Walker stands before an iron-barred door, gripping its bolt. He slides the door sideways-rusted steel SCREECHES.
He enters a small cell-like room beyond.
He is a pilgrim, returning to the source of his strength.
Which we can see is definitely not the opening in the draft available from Between the Covers, which now given the information Jacobs relayed in the interview, their draft seems to be one of the later drafts that he wrote while on set in San Francisco.
And I’m not entirely sure which draft Film Quarterly is quoting, exactly, but I have to assume it’s one of the first two drafts Jacobs wrote based on the interview.
So, now what?
Indeed, now what.
The clincher here is I have no idea which draft Walter Hill is referring to in his interview, but, again, I have to assume it’s probably Jacobs’ first draft: the one he wrote and then rewrote while in Hollywood.

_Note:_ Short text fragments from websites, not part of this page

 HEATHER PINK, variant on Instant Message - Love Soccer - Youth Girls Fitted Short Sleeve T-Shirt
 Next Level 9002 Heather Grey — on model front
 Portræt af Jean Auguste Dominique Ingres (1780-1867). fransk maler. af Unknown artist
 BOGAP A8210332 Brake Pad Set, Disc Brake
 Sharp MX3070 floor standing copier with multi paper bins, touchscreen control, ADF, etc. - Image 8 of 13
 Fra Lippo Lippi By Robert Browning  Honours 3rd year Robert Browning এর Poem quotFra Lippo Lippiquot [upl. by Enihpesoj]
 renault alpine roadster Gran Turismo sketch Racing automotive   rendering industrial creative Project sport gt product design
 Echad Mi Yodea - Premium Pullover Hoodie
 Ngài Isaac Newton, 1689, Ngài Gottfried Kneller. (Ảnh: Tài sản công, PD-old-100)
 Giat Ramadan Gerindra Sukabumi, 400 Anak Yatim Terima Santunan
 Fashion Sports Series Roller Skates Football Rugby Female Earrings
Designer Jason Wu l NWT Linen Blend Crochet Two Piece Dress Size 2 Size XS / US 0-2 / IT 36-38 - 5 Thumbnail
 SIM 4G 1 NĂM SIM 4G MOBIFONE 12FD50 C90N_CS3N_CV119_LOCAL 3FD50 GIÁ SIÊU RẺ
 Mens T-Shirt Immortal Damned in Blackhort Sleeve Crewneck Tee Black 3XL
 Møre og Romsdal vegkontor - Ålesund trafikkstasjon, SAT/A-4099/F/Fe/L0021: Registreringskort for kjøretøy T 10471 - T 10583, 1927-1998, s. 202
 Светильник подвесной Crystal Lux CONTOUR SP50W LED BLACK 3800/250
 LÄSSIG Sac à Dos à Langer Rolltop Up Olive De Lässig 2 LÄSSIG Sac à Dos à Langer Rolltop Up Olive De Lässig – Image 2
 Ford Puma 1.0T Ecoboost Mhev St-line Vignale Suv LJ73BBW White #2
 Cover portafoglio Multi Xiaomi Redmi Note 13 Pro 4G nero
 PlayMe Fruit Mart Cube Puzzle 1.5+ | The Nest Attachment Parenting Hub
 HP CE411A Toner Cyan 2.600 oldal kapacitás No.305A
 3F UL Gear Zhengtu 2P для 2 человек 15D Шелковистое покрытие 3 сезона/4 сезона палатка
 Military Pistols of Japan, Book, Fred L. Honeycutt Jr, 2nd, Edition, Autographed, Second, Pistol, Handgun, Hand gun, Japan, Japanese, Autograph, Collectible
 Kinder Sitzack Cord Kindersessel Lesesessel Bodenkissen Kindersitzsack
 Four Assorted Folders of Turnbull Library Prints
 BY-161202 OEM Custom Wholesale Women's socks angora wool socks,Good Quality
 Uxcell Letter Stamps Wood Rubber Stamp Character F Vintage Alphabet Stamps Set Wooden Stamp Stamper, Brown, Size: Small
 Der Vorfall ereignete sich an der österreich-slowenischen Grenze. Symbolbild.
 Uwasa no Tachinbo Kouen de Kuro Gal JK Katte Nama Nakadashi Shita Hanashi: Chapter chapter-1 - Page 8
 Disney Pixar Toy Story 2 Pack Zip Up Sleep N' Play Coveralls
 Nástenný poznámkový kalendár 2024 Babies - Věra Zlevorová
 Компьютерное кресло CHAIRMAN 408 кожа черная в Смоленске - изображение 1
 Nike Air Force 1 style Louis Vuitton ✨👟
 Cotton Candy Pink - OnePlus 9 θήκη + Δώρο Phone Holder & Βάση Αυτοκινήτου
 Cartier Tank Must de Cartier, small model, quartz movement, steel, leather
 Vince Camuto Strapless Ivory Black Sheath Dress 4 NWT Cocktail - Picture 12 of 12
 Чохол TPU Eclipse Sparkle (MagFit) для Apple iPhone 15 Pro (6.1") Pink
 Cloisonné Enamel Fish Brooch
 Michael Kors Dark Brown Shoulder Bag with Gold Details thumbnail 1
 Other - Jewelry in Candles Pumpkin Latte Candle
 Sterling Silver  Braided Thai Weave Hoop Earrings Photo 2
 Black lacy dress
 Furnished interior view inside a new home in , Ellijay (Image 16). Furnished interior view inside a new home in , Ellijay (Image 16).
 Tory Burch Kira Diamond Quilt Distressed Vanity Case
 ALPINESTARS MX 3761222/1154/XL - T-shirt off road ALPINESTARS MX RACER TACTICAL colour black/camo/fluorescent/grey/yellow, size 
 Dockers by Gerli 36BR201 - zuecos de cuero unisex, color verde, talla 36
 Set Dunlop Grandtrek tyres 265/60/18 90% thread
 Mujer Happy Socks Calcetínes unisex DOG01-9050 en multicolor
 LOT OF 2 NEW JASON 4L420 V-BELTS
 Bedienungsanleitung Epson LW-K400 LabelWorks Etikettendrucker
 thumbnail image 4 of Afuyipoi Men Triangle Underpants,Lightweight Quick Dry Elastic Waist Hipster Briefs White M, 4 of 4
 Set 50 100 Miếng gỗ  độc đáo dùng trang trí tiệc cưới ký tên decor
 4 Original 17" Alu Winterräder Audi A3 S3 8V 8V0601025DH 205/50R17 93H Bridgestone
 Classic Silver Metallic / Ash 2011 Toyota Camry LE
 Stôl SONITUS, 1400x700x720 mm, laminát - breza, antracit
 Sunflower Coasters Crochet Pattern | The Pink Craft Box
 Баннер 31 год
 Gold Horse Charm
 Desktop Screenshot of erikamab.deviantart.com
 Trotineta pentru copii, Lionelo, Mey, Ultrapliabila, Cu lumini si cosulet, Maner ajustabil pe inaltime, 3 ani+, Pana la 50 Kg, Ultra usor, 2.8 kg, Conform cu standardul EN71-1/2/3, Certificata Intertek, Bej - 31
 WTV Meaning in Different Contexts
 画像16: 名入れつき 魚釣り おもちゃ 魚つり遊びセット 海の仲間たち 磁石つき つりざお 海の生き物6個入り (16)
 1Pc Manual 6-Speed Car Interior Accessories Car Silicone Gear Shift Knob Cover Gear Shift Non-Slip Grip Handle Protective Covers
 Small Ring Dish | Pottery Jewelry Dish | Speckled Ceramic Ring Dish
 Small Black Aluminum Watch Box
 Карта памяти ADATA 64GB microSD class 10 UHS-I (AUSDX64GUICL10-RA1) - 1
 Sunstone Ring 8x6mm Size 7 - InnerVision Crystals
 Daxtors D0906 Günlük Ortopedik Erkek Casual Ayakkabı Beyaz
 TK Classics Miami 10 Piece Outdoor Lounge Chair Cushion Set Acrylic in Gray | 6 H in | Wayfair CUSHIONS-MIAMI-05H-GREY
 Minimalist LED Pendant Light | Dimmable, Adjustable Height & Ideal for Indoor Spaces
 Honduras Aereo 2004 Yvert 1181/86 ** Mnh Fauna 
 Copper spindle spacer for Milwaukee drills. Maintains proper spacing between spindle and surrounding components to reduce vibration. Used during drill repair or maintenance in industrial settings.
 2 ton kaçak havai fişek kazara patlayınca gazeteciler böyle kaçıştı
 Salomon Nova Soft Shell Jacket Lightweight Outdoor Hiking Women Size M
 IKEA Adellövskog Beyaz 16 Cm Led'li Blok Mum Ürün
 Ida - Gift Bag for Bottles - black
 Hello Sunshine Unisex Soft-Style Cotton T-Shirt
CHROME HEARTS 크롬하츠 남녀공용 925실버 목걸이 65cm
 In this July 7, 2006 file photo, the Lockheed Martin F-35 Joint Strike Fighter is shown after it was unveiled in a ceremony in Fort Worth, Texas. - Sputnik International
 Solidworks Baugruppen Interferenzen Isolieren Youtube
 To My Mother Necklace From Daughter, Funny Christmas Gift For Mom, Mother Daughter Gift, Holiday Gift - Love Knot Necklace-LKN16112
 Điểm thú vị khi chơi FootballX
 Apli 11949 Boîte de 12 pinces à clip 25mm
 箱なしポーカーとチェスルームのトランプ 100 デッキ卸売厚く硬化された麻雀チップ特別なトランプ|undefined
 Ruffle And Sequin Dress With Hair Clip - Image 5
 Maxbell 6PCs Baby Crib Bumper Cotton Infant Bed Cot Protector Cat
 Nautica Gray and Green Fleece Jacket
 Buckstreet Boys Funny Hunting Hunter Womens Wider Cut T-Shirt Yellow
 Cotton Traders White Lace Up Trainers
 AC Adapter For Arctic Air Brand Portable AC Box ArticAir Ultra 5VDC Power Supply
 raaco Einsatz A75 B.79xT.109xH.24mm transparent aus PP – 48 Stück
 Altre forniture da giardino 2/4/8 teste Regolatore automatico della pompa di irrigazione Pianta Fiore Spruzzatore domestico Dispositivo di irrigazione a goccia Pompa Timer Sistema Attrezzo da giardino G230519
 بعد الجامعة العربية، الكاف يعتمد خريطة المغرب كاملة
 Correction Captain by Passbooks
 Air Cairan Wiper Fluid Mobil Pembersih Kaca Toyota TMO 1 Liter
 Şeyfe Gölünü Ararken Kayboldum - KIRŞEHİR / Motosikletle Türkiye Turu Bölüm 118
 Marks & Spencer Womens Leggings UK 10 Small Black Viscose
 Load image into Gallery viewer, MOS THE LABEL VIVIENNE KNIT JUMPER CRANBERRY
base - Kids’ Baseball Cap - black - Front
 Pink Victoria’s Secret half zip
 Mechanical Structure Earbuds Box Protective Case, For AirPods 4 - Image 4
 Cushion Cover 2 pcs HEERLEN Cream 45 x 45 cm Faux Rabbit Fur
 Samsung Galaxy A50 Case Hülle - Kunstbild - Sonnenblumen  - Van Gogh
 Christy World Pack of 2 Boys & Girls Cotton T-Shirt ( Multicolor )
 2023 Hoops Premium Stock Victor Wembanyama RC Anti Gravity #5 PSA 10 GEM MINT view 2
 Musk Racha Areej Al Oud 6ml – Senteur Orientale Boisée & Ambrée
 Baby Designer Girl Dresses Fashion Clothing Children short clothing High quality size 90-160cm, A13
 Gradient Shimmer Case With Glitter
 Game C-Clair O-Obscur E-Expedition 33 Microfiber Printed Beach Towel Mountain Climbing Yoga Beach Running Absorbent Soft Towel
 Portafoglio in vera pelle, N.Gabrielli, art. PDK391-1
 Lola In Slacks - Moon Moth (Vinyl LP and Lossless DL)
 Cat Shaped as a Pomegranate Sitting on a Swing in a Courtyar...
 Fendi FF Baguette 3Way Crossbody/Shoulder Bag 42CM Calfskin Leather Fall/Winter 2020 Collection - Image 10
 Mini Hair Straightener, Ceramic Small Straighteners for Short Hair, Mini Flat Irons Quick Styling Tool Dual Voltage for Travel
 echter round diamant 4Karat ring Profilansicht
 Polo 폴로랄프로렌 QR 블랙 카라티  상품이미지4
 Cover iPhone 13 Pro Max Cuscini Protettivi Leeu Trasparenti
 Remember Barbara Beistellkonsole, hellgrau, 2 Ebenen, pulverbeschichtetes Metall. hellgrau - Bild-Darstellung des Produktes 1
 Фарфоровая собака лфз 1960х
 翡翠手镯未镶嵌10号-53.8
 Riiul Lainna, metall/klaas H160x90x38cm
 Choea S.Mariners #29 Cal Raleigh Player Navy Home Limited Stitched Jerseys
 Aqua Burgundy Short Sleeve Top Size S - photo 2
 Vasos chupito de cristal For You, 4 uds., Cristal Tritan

So, there you go. Those are the details I have concerning the Alexander Jacobs draft of Point Blank.
And, yes, myself and Scott Myers are still offering the $200 reward for the first draft. While the version available at Between the Covers is tempting, I’ll close with this quote by Scott on why we want that first draft:
We want the script that Walter Hill read and inspired him to write haiku style. Not something futzed with by a script supervisor.
UPDATE: June 19, 2011 – I have procured a copy of the 92-page draft mentioned above. It is now linked for your perusal. And I’m still very much searching for that 70-page version Boorman has made mention of.